◆ EXERCISE REQUIREMENTS
Set down exactly the lines below, starting at the one that contains "Bedroom One (Upstairs)" and ending at the one that contains "Vintage delicate beige", with both of those lines included and nothing else.

··· EXERCISE MATERIALS ···

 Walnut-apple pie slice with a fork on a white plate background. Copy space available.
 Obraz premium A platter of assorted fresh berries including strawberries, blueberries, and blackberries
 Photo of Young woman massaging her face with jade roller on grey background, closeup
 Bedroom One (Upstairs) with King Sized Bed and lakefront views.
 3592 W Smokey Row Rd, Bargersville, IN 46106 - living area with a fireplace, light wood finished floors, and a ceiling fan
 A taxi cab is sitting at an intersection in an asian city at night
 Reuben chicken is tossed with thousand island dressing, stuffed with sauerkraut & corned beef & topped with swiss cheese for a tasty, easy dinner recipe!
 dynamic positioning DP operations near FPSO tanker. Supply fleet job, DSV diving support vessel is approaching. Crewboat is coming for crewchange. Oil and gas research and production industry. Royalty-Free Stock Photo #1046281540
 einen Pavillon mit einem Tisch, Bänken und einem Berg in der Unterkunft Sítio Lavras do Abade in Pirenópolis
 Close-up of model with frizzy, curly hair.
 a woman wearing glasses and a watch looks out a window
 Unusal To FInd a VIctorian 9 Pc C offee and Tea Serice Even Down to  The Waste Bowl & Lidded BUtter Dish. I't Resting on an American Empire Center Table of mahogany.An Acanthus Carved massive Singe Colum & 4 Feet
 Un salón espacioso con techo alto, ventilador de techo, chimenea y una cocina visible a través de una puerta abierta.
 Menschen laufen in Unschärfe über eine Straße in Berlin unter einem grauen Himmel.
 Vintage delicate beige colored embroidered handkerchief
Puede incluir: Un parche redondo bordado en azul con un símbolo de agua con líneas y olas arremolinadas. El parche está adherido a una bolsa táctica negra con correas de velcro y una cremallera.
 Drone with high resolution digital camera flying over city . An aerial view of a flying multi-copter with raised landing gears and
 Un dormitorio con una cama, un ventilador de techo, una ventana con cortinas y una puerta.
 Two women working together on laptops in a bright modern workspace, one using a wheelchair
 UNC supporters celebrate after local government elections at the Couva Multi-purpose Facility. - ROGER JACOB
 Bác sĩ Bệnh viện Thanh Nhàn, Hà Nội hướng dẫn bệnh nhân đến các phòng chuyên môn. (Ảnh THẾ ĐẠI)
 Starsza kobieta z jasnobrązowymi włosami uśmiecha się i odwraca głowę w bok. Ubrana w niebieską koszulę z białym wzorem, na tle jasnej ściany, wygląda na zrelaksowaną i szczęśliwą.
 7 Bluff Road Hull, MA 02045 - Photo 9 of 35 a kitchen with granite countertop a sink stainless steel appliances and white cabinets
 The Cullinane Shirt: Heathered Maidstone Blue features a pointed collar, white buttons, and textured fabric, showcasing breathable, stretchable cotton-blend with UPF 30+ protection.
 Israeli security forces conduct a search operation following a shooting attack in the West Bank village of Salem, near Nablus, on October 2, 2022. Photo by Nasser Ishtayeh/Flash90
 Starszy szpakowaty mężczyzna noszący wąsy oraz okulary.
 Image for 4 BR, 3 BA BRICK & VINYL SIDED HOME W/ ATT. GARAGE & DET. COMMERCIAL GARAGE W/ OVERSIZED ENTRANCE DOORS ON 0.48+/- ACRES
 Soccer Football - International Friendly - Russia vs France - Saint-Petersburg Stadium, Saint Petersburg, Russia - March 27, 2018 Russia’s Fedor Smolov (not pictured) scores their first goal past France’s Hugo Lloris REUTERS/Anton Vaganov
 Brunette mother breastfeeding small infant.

···

◆ TASK SOLUTION
 Bedroom One (Upstairs) with King Sized Bed and lakefront views.
 3592 W Smokey Row Rd, Bargersville, IN 46106 - living area with a fireplace, light wood finished floors, and a ceiling fan
 A taxi cab is sitting at an intersection in an asian city at night
 Reuben chicken is tossed with thousand island dressing, stuffed with sauerkraut & corned beef & topped with swiss cheese for a tasty, easy dinner recipe!
 dynamic positioning DP operations near FPSO tanker. Supply fleet job, DSV diving support vessel is approaching. Crewboat is coming for crewchange. Oil and gas research and production industry. Royalty-Free Stock Photo #1046281540
 einen Pavillon mit einem Tisch, Bänken und einem Berg in der Unterkunft Sítio Lavras do Abade in Pirenópolis
 Close-up of model with frizzy, curly hair.
 a woman wearing glasses and a watch looks out a window
 Unusal To FInd a VIctorian 9 Pc C offee and Tea Serice Even Down to  The Waste Bowl & Lidded BUtter Dish. I't Resting on an American Empire Center Table of mahogany.An Acanthus Carved massive Singe Colum & 4 Feet
 Un salón espacioso con techo alto, ventilador de techo, chimenea y una cocina visible a través de una puerta abierta.
 Menschen laufen in Unschärfe über eine Straße in Berlin unter einem grauen Himmel.
 Vintage delicate beige colored embroidered handkerchief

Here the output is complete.